Let's get started! First, extract the "Body" column into its own numpy array called "text_list"

In [None]:
# Extract Text Data


Next, initialize a term frequency-inverse document frequency (tf-idf) vectorizer. Check out the documentation to fill in the arguments: http://scikit-learn.org/stable/modules/generated/sklearn.feature_extraction.text.TfidfVectorizer.html

In [None]:
tf = TfidfVectorizer(analyzer=, 
                     ngram_range=(), 
                     min_df = , 
                     stop_words = )

Next, use the "fit_transform" method to take in the list of documents, and convert them into a document term matrix. Use "get_feature_names()" and "len" to calculate how many features this generates.

#### Question 2: The dimensionality explodes quickly. Why might this be a problem as you use more data?

Calculate the tf-idf scores for the first document in the corpus. Do the following:

1. Use ".todense()" to turn the tfidf matrix into a dense matrix (get rid of the sparsity)
2. Create an object for th document by calling the 0th index of the dense matrix, converting it to a list. Try something like: document = dense[0].tolist()[0]
3. Calculate the phrase scores by using the "zip" command to iterate from 0 to the length of the document, retraining scores greater than 0.
4. Sort the scores using the "sorted" command
5. Print the top 20 scores with their feature names

# Section 2: Classification Algorithms

One of the main tasks in supervised machine learning is classification. In this case, we will develop algorithms that will predict a question's tag based on the text of its answer.

The first step is to split our data into training, validation, and test sets. 

## Naive Bayes

[Naive Bayes classifers](http://scikit-learn.org/stable/modules/naive_bayes.html) classify observations by making the assumption that features are all independent of one another. Do the following:

1. Initialize a Naive Bayes classifier method with "MultinomialNB()"
2. Fit the model on your training data
3. Predict on the validation data and store the predictions
4. Use "np.mean" to calculate how correct the classier was on average
5. Calcualte the confusion matrix using "confusion_matrix," providing the true values first and the predicted values second.

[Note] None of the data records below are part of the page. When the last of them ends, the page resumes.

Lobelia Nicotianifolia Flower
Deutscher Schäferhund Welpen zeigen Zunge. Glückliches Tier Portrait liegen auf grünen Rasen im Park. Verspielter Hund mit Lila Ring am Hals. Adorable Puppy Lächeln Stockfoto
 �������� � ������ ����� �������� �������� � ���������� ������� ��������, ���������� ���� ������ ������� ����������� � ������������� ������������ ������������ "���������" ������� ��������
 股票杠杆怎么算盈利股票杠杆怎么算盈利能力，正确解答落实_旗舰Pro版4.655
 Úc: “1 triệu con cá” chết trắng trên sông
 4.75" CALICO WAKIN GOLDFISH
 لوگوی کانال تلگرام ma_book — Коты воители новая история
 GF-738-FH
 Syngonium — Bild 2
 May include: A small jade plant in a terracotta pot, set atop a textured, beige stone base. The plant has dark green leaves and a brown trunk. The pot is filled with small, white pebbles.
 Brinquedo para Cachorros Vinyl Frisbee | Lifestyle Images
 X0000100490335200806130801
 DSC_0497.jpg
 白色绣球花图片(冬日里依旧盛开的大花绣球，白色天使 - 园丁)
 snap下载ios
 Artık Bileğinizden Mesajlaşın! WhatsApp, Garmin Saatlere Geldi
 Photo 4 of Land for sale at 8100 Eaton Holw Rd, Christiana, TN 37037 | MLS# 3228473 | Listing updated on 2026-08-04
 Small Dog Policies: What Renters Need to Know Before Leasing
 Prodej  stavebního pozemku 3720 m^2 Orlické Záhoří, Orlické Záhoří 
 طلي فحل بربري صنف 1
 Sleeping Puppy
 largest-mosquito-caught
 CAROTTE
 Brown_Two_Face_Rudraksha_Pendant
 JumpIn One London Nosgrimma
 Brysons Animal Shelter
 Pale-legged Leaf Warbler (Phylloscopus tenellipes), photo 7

Let's plot the confusion matrix! Use the following code from the ["seaborn"](https://seaborn.pydata.org/generated/seaborn.heatmap.html) package to make a heatmap out of the matrix.

In [None]:
# Transform confusion matrix into a dataframe
nb_df_cm = pd.DataFrame(nb_cf_matrix, range(5),
                  range(5))

# Rename the column and row indices
nb_df_cm = nb_df_cm.rename(index=str, columns={0: "python", 1: "xml", 2: "java", 3: "json", 4: "android"})
nb_df_cm.index = ['python', 'xml', 'java', 'json', 'android']

# Plot the confusion matrix
plt.figure(figsize = (10,7))
sn.set(font_scale=1.4)#for label size
sn.heatmap(nb_df_cm, 
           annot=True,
           annot_kws={"size": 16})

plt.title("Naive Bayes Confusion Matrix")
plt.xlabel("Predicted Label")
plt.ylabel("True Label")
plt.show()

#### Question 3: Do you notice any patterns? Are there any patterns in misclassification that are worrisome?

## Multinomial Logistic Regression

Next, let's try [multinomial logistic regression](http://scikit-learn.org/stable/modules/generated/sklearn.linear_model.LogisticRegression.html)! Follow the same steps as with Naive Bayes, and plot the confusion matrix.

## SVM

Now do the same for a [Support Vector Machine](http://scikit-learn.org/stable/modules/generated/sklearn.svm.SVC.html).

#### Question 4: How did each of the classifiers do? Which one would you prefer the most?

## Test Final Classifier

Choose your best classifier and use it to predict on the test set. Report the mean accuracy and confusion matrix.